Main Business Houses In India
Reliance Industries Limited
In 1966 Dhirubhai Ambani founded Reliance India Limited as Reliance Commercial Corporation, a conglomerate holding company in India. After he and his brother Anil Ambani split, the company whose headquarters is in Mumbai, is headed by Mukesh Ambani. In India, it is the most profitable business house. Total revenue of the government amounting to 5% is contributed by Reliance, from excise and customs duty. Reliance is operational in sectors of telecommunications, energy, retail, petrochemicals, natural resources and textiles.
In 1868, Jamshedji Tata established a global enterprise called the Tata Group with headquarters in India. It comprises of more than 100 companies with independent operations. It is operational in more than 100 nations across the globe. The primary promoter and investment holding company of Tata companies is Tata Sons. Tata Communications and Indian Hotels, Tata Steel, Titan, Tata Motors, Tata Teleservices, Tata Consultancy Services, Tata Chemicals, Tata Power, Tata Global Beverages are the Tata companies with significant scale.
Headquarters of Adani Group a well known commodity trading business house is Gujarat. It was founded in 1988 with Gautam Adani being the first generation entrepreneur, chairman and founder. This multinational amalgamate works in a range of business sectors including energy, resources, agribusiness and logistics sectors. Adani Power, Adani Gas Ltd, Adani Ports & SEZ Limited are subsidiaries of Adani Group.
Sunil Bharti Mittal founded Bharti Enterprises in 1976. Headquarters of the company is in New Delhi with operations spreading across Asia and Africa. The company has its presence in various sectors including manufacturing, telecommunications, financial services and agribusiness. The telecom industry however provides the largest revenue. Key partners currently are international companies like Alcatel-Lucent, Singtel, Ericsson, Nokia Siemens and IBM. The education sector is being revolutionized across 13 states in India by engaging 8000 teachers to reach out to 240,000 students by Bharti Foundation, the charitable arm of Bharti Enterprises.
Reliance ADA Group
Reliance ADA group has its headquarters in Navi Mumbai. After Anil Ambani and Mukesh Ambani, his elder brother separated, this group came into existence. While net assets of the group are 28 billion dollars, market capitalization is 14 billion dollars. It operates in around 450,000 villages and 20,000 towns in India. Various businesses Reliance ADA Group is engaged in include, financial services, transportation, construction, aviation, entertainment, defense, power, manufacturing, healthcare and telecom.
Aditya Birla Group
This is one of the finest business houses founded in 1857 by Seth Narayan Birla.
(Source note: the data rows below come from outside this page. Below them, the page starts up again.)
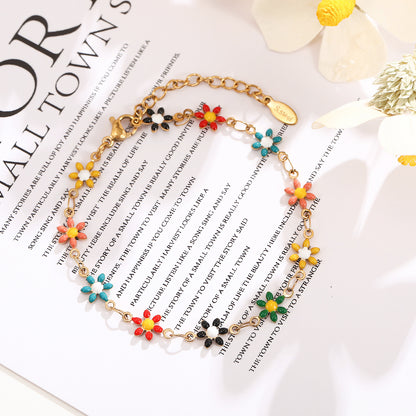 Elegant Flower Stainless Steel Plating Bracelets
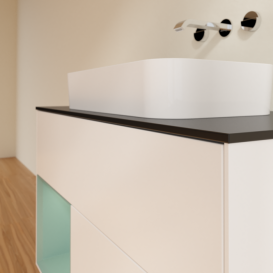 Тумба под раковину Villeroy & Boch Finion 100х50,1 см с подсветкой МДФ белый матовый лак/стекло черное матовое F652GMMT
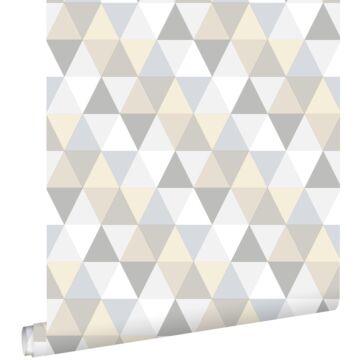 carta da parati triangoli grigio chiaro, beige e bianco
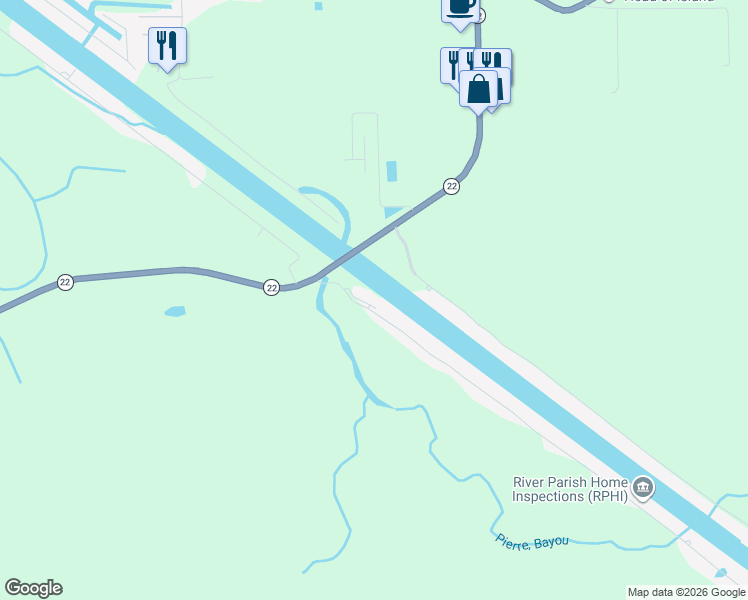 map of restaurants, bars, coffee shops, grocery stores, and more near 12386 River Highlands Drive in Saint Amant
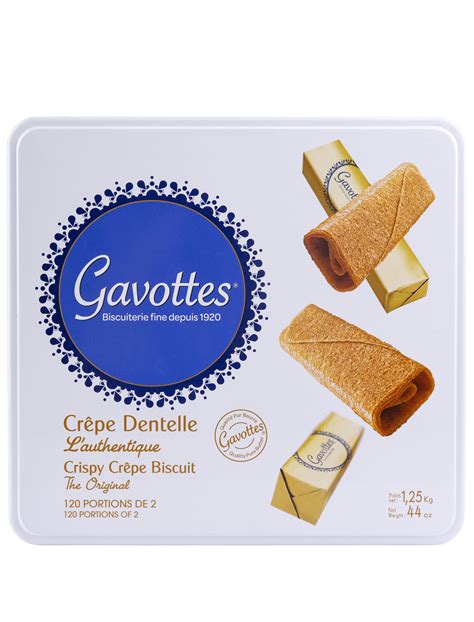 Gavottes Crepes Dentelle Metal Tin X Individual Portions Bonnebouffe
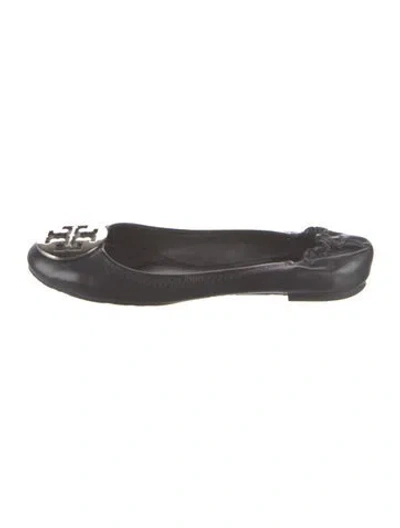 Pre-owned Tory Burch Leather Ballet Flats In Black
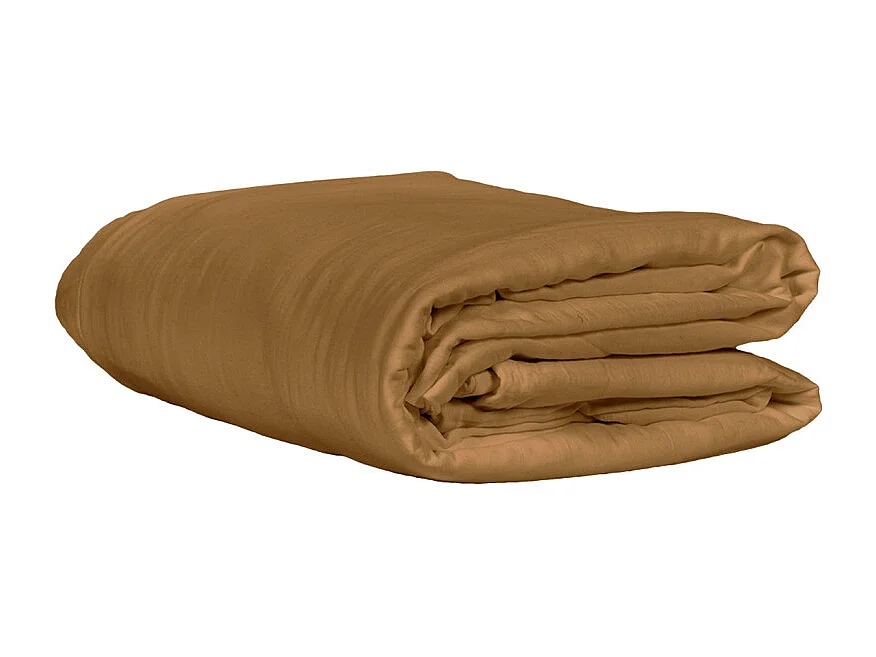 Parure de lit 240 x 260 cm en double gaze de coton camel - PEPA 4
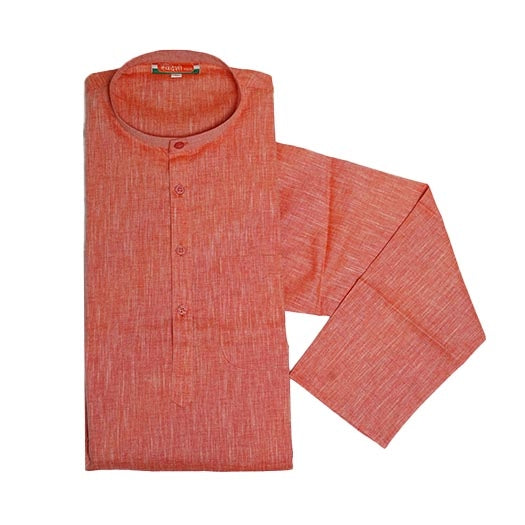 Men’s Handwoven Khadi Linen Kurta – Pure Cotton Comfort in Terracotta Red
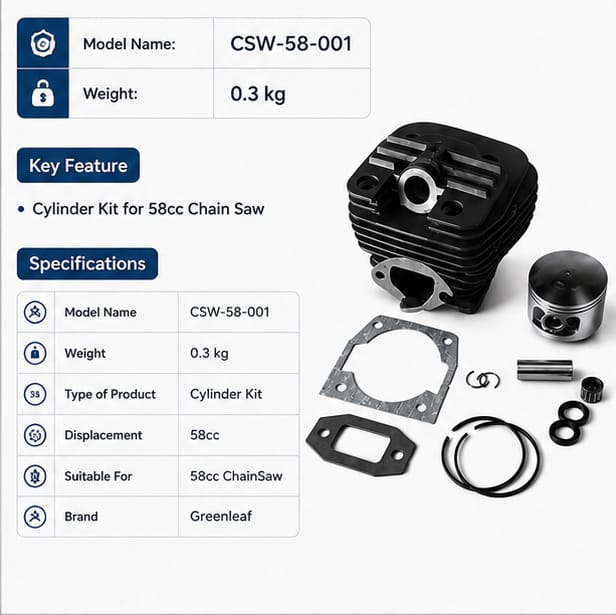 Greenleaf Cylinder Kit for 58cc Chain Saw (CSW-58-001) 3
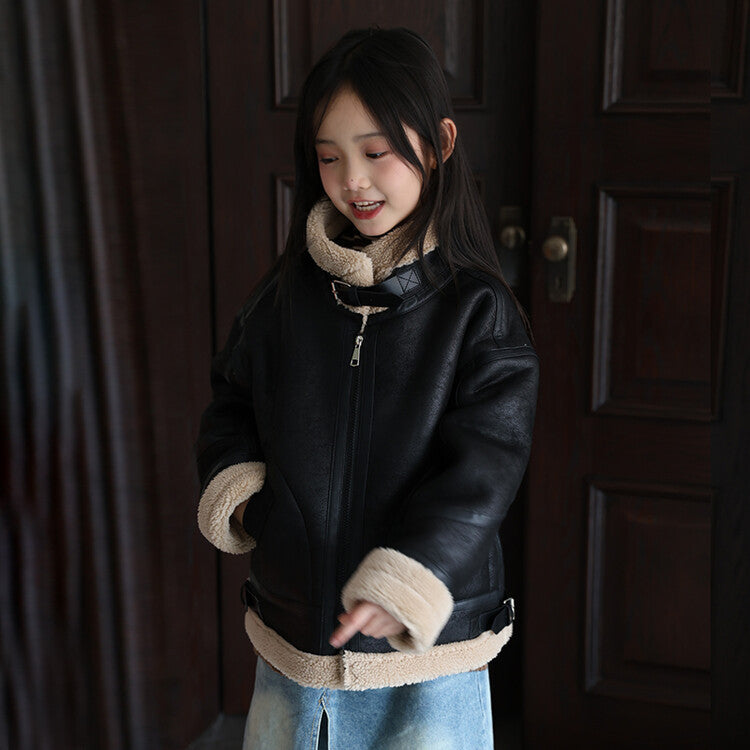 Boys Suede-lined Coat With Integrated Fur For Extra Warmth And Thickness
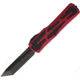 Heretic Knives Auto Colossus OTF Automatic Folding Knives, 3.5in, Black Stonewash Finish CPM MagnaCut Stainless Tanto Blade, Red Aluminum Handle, H0406ARED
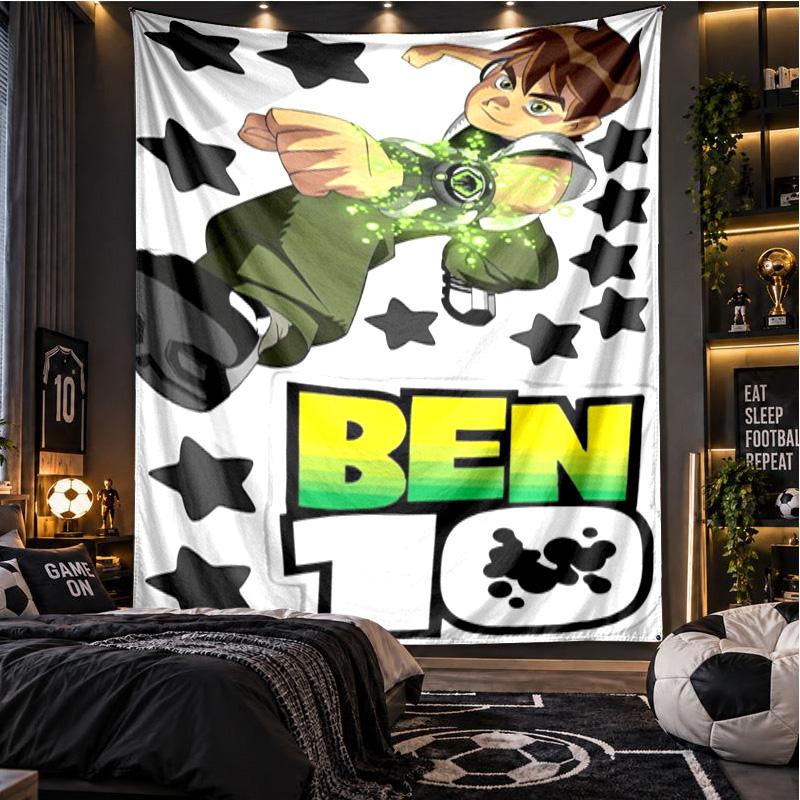 Ben 10 Cartoon Theme Beach Towel Personalized Custom Name & Text Soft Quick Dry Beach Towel for Swimming Travel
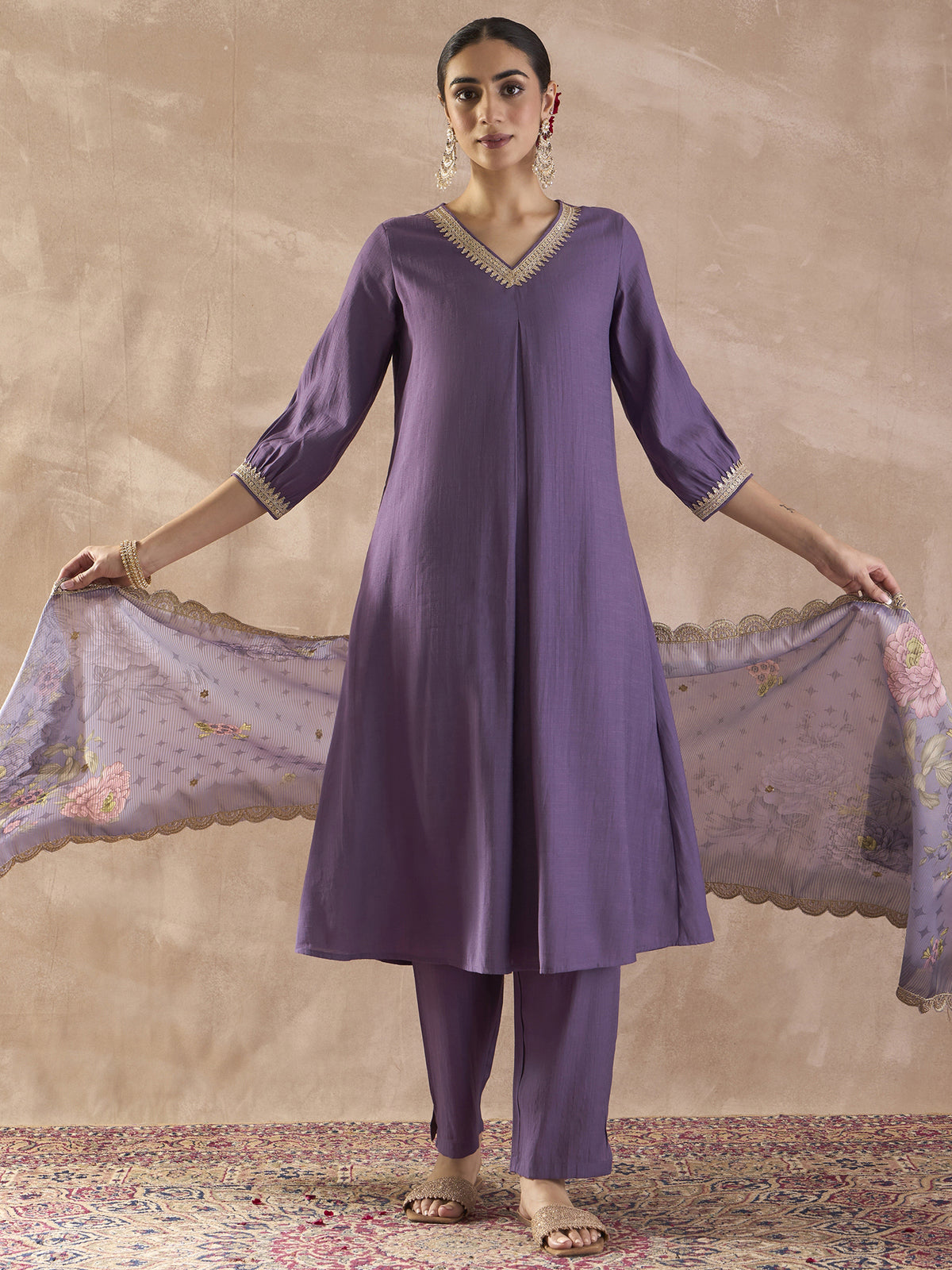 Purple Solid A-Line Kurta Trousers With Dupatta Set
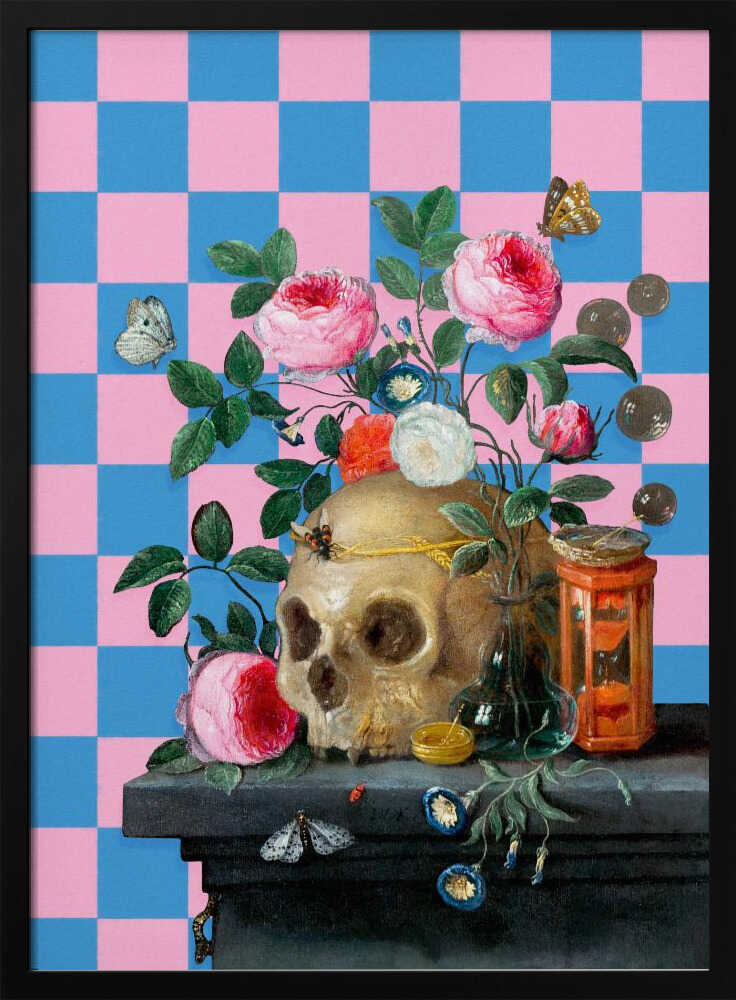 A classic vanitas still life painting juxtaposed with a modern, bright pink and blue checkerboard background. The composition features a golden skull surrounded by vibrant pink roses, butterflies, an hourglass, and coins on a dark stone table. Poster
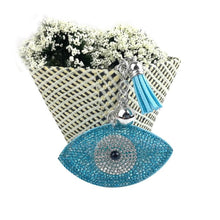 Load image into Gallery viewer, Turquoise Stone Studded Eye Shaped Evil Eye Keychain - KeychainBlue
Headquarters of the group is in Worli, Mumbai. The group with its thousands of employees functions in around 40 nations across the globe. In USA, the largest MNC is Aditya Birla Group with employees of America engaged in manufacturing operations. IT and BPO services, viscose staple fiber, financial services, metals, telecom, filament yarn, insulators, branded apparel, cement (largest in India), chemicals and carbon black are some of the sectors, this group is active in.